Nieuwe inburgeringswet is veelbelovend, maar effectiviteit hangt af van uitvoering

De nieuwe inburgeringswet gaat per januari 2022 in en moet veel van de knelpunten in het huidige inburgeringsbeleid wegnemen. Zo ligt er een sterke nadruk op de bevordering van de participatie van statushouders en moet het taalniveau omhoog. Of de hoge verwachtingen van de nieuwe wet ingelost kunnen worden, hangt af van een voortvarende uitvoering van het nieuwe beleid. Omdat gemeenten een regierol krijgen in de uitvoering van de nieuwe wet, wijst het SCP er op basis van eerder onderzoek op dat decentralisatieoperaties zoals de WMO, Jeugdwet en Participatiewet niet altijd opleverden wat werd beoogd. Naast een effectieve uitvoering van het nieuwe inburgeringsbeleid dient ingezet te worden op een kort en actief opvangbeleid, tijdige signalering van gezondheidsproblemen en toegankelijk onderwijs voor een goede integratie van statushouders. Dat blijkt uit de policy brief ‘In uitvoering. Een analyse van het op statushouders gerichte beleid en wat nodig is om dit beleid te verbeteren’ die het SCP, WODC en RIVM vandaag publiceren. Bij het nieuwe inburgeringsbeleid is het van belang dat de overheid en gemeenten alert zijn op hoe de uitvoering verloopt en op welk niveau bijstellingen nodig zijn.

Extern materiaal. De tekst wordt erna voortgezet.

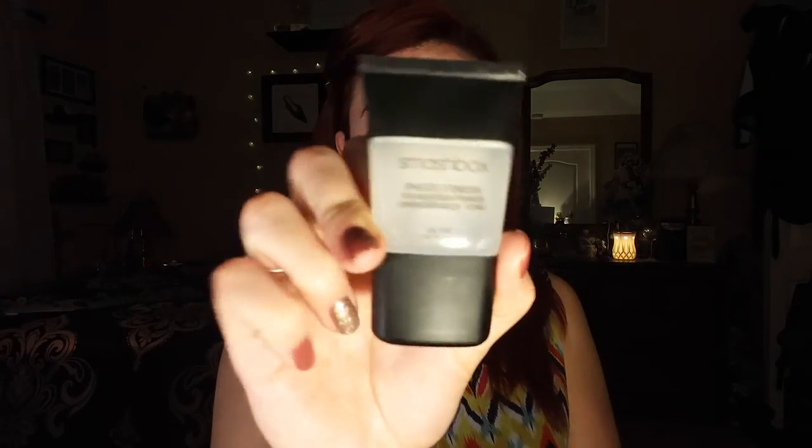Wish me luck, let's get started. I am going to use the Smashbox Photo Finish primer. This part's easy because I don't use any tools for this — just my fingers. That was easy.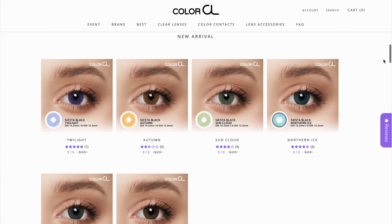Hey guys, what's up? Welcome back to my channel. If you are new here, my name is Mel and we are doing a very exciting video. I cannot wait to show you guys all of my favorite contacts from the brand ColorCL.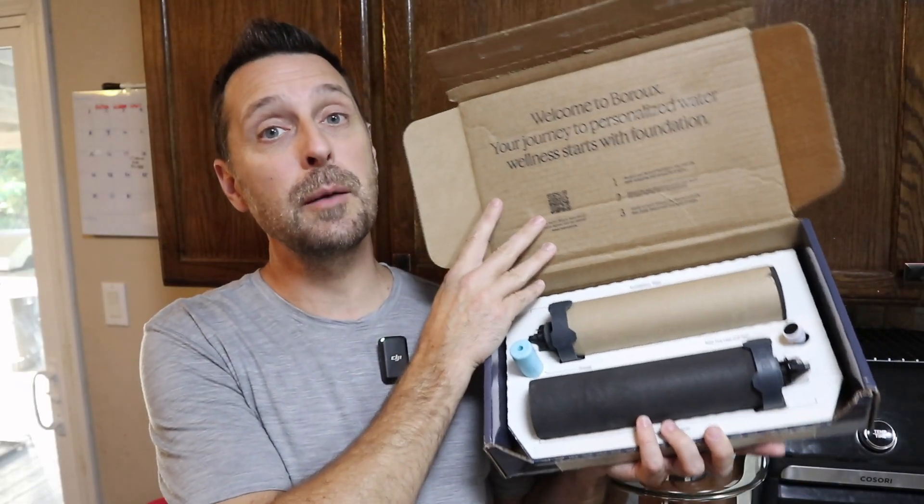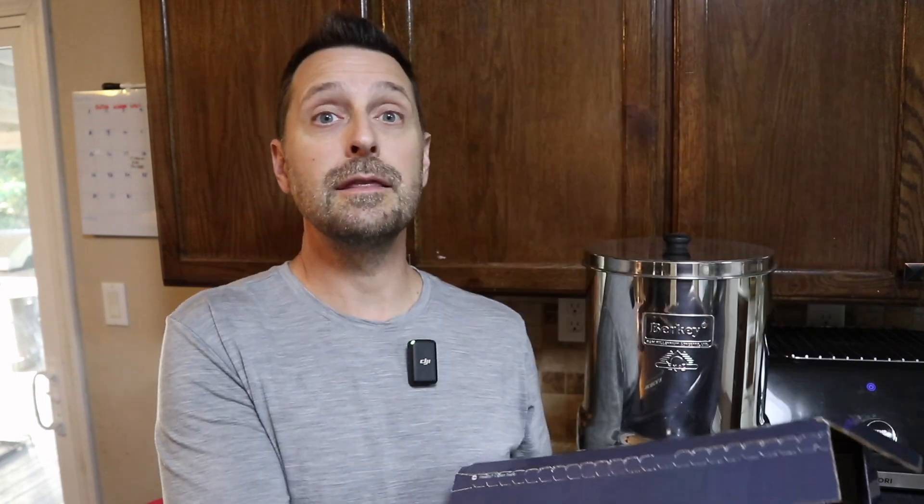So here they are. This is by a company called Borough, and these filters are the exact same formulation as the black Berkey filters, because they were developed by the original developers of the black Berkey filter.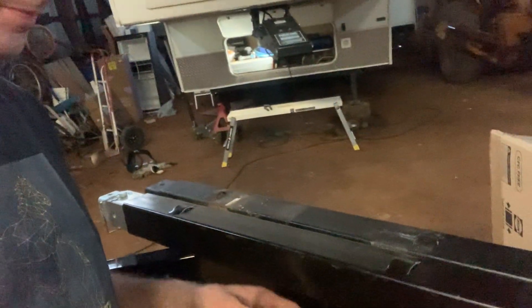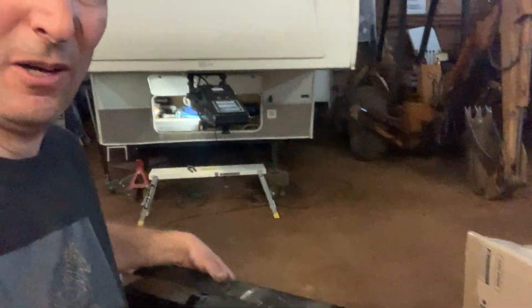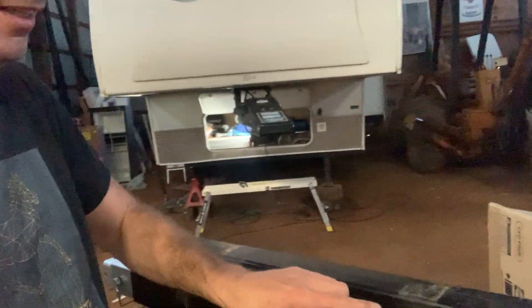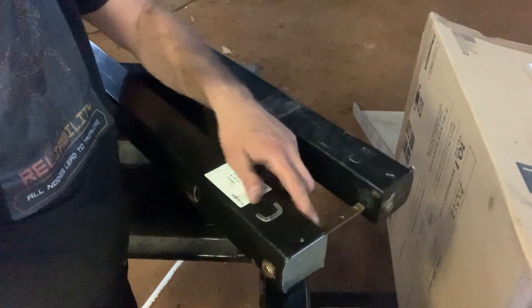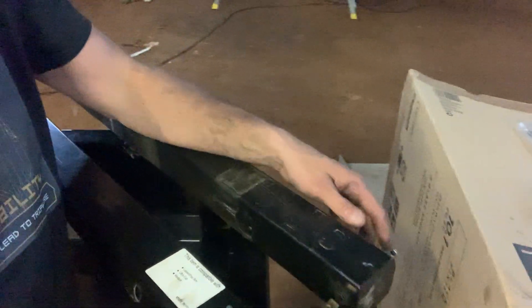I got this thing out and it was exactly as I had hoped. Everything is identical on the drive side as well as the passenger, or the non-drive side. The only difference is this long post here, which is the drive side, versus the other side, which just has a short one.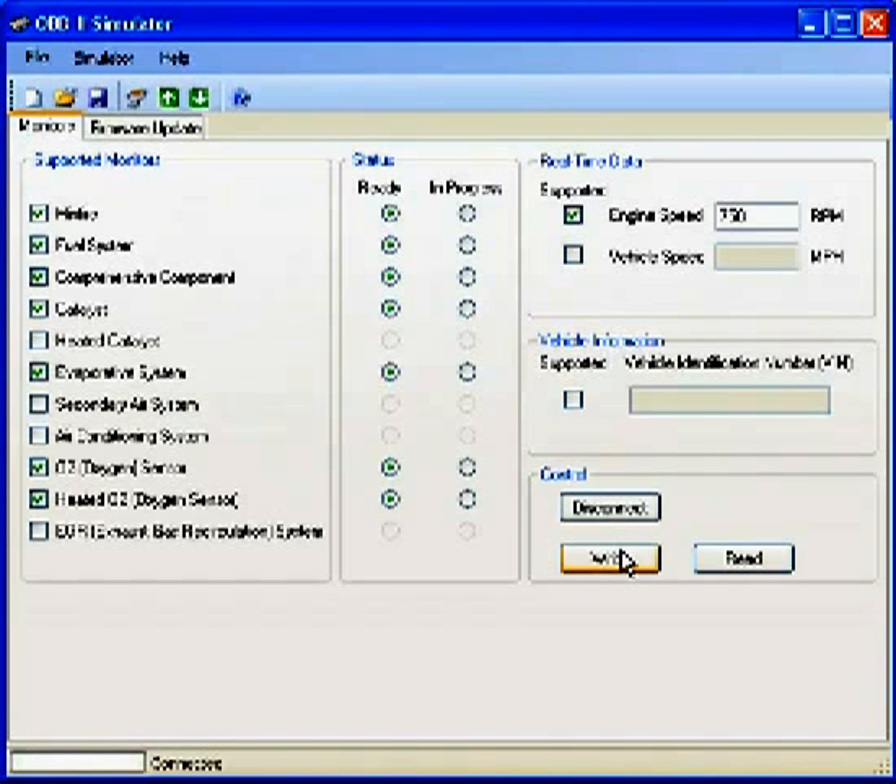Let's rewrite them just to be safe. Actually, I'm going to make a change — I'm going to change the oxygen sensor readiness monitor to in progress. And we're going to save that to the unit.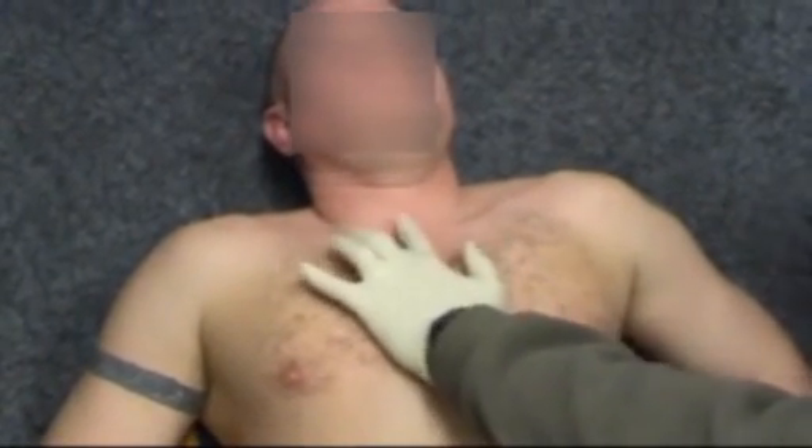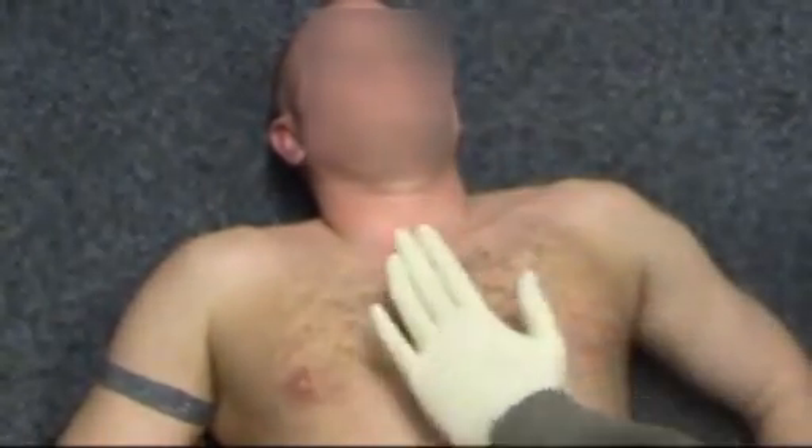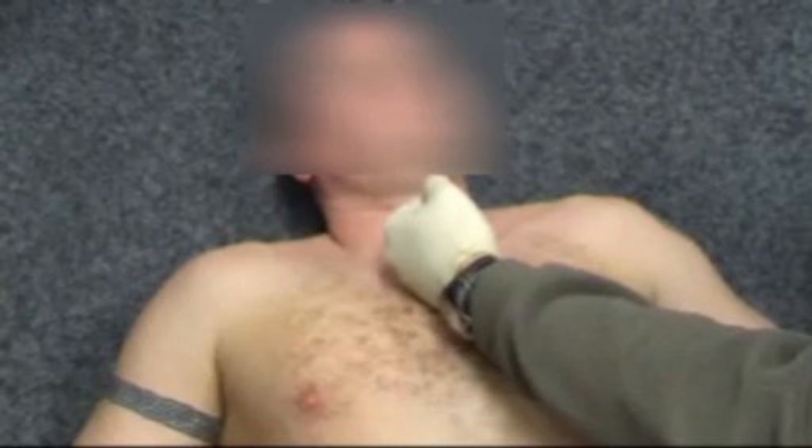So notice how his sternum curves — that's where the notch is. What you want to be is parallel to that. So it's not this; it's got to be parallel, perpendicular on the side, to the sternum.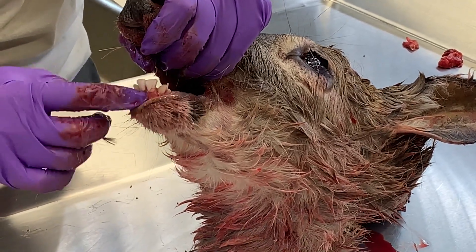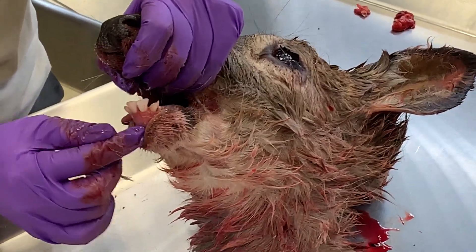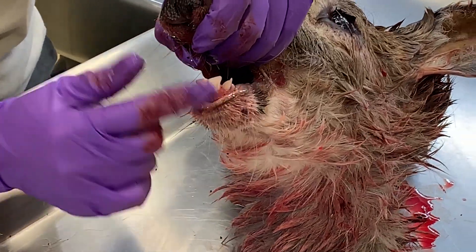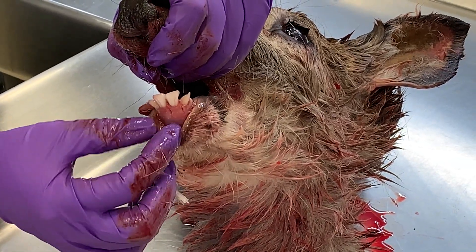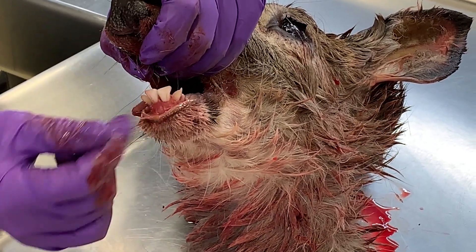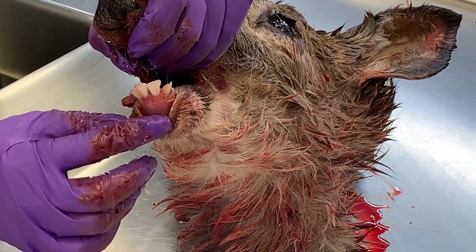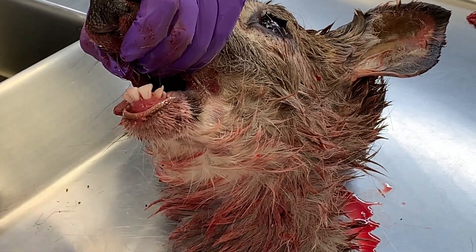The most important part here is that we get this root as one piece. The nice part is they only need one tooth. It's best to extract both in case the tooth breaks during the analysis process, but if you can only collect one, that's okay. If you happen to break one, you always have another one you can submit.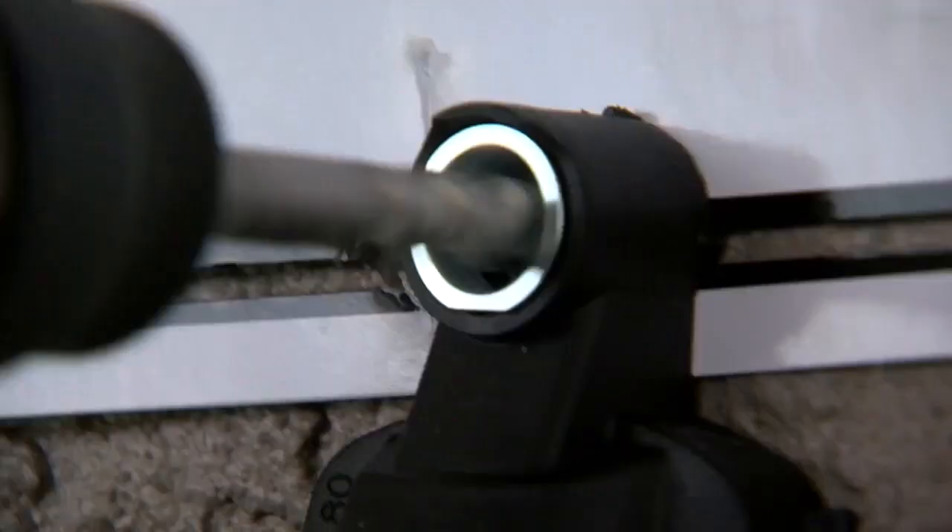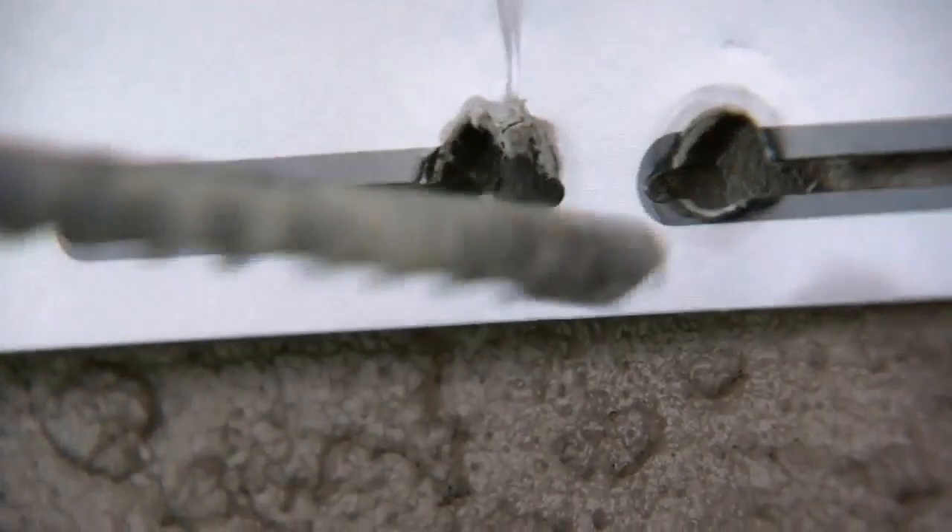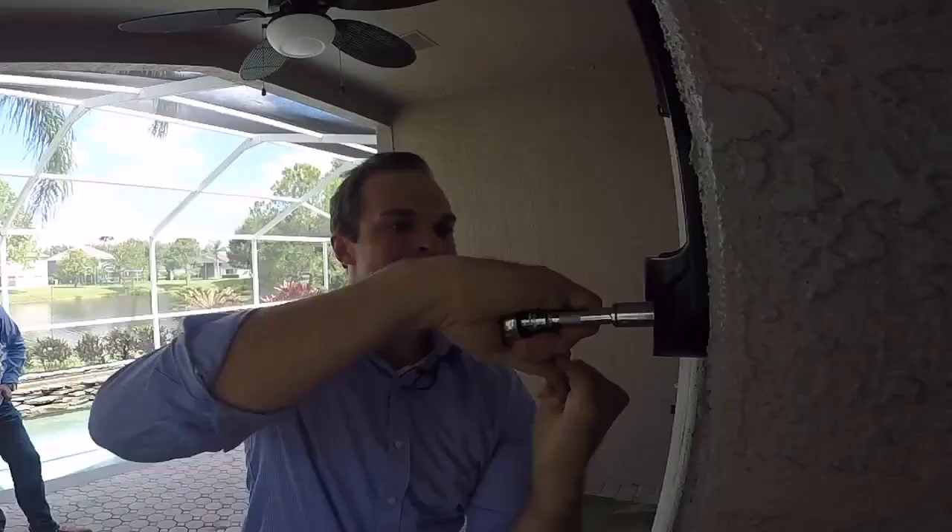Use it like you would a regular drill. Hold it firmly and drill two to three inches deep. Next, tap in plastic wall anchors gently with a hammer. This will allow the bolts that hold the mounting plate in place to really hold that in place. This is the process you go through to ensure this can hold well over 100 pounds.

Korte opvangperiode draagt bij aan goede start

De periode die statushouders in een opvang doorbrengen is de laatste jaren sterk toegenomen. Het is van groot belang om de periode in de opvang te bekorten. Dit draagt bij aan het integratieproces van statushouders: hoe korter de opvangperiode en hoe zinvoller de tijdsbesteding in de opvang (leren van Nederlands, (vrijwilligers)werk, des te beter de beheersing van het Nederlands en des te gunstiger de arbeidsmarktpositie van statushouders na de opvang. De policy brief wijst daarom op het belang om opvangbeleid als eerste stap in integratiebeleid te zien. Een structureel aanbod van activiteiten als taallessen en vrijwilligerswerk zullen bijdragen aan een betere start van statushouders. Ook zouden de mogelijkheden verruimd kunnen worden om tijdens de opvangperiode betaald werk te verrichten, bijvoorbeeld in sectoren en beroepen met schaarste aan personeel.  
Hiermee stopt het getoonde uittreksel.